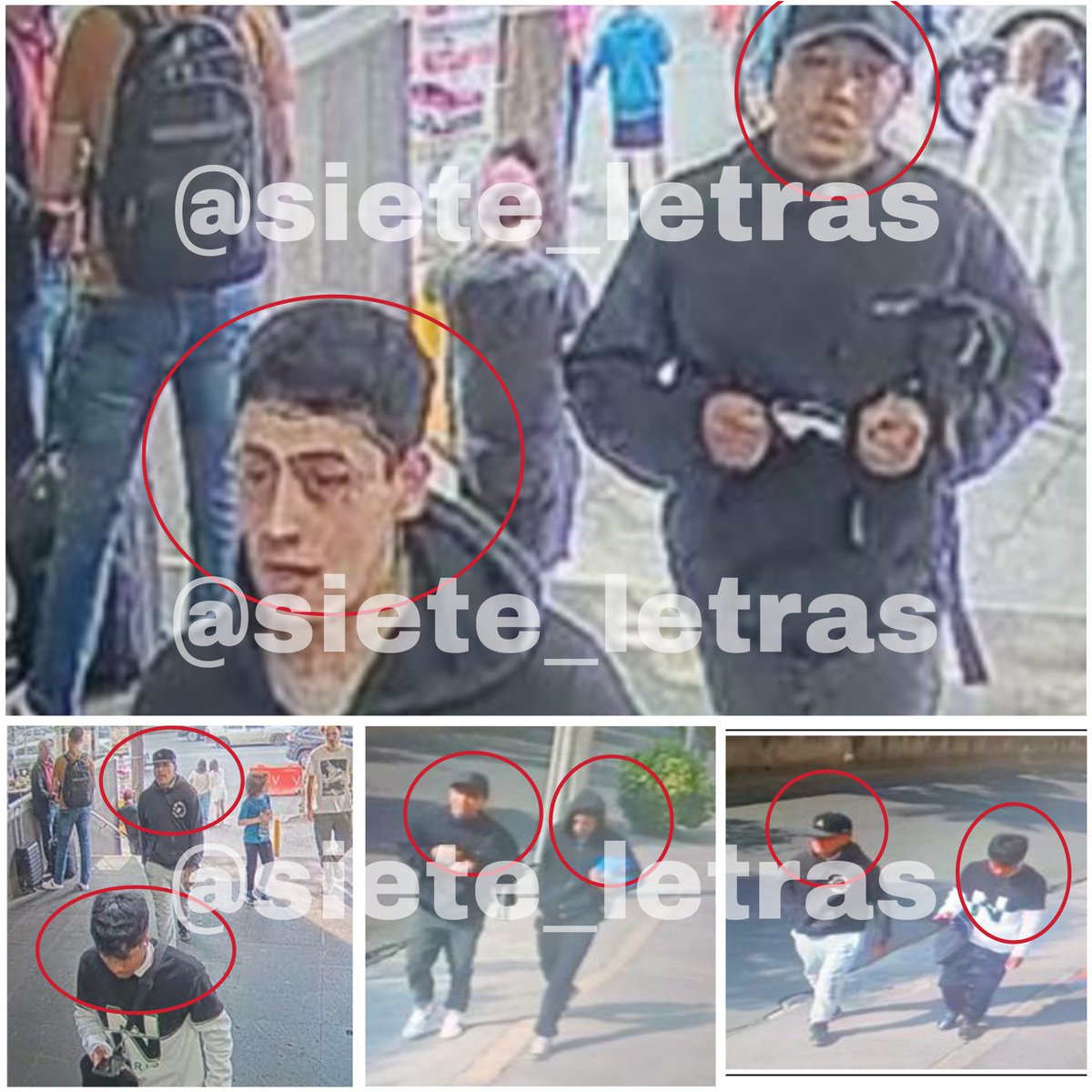 siete_letras's tweet photo. SE BUSCAN:

Son ladrones que irrumpen en tiendas al sur de #CDMX, amagan a empleados y con mazos rompen vitrinas para hurtar joyas, teléfonos o lentes.

@SSC_CDMX los tiene en la mira.

¿Reconoce a alguno? https://t.co/qdPKqHqVV2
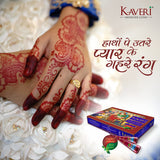Natural Kaveri Temporary Tattoo Mehandi PACK OF 6 image 4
________________
DESCRIPTION OF THE TASK: The whole listing is to be retyped exactly, with its pictures removed.

REPLY TO THE TASK:
 siete_letras's tweet photo. SE BUSCAN:

Son ladrones que irrumpen en tiendas al sur de #CDMX, amagan a empleados y con mazos rompen vitrinas para hurtar joyas, teléfonos o lentes.

@SSC_CDMX los tiene en la mira.

¿Reconoce a alguno? https://t.co/qdPKqHqVV2
Natural Kaveri Temporary Tattoo Mehandi PACK OF 6 image 4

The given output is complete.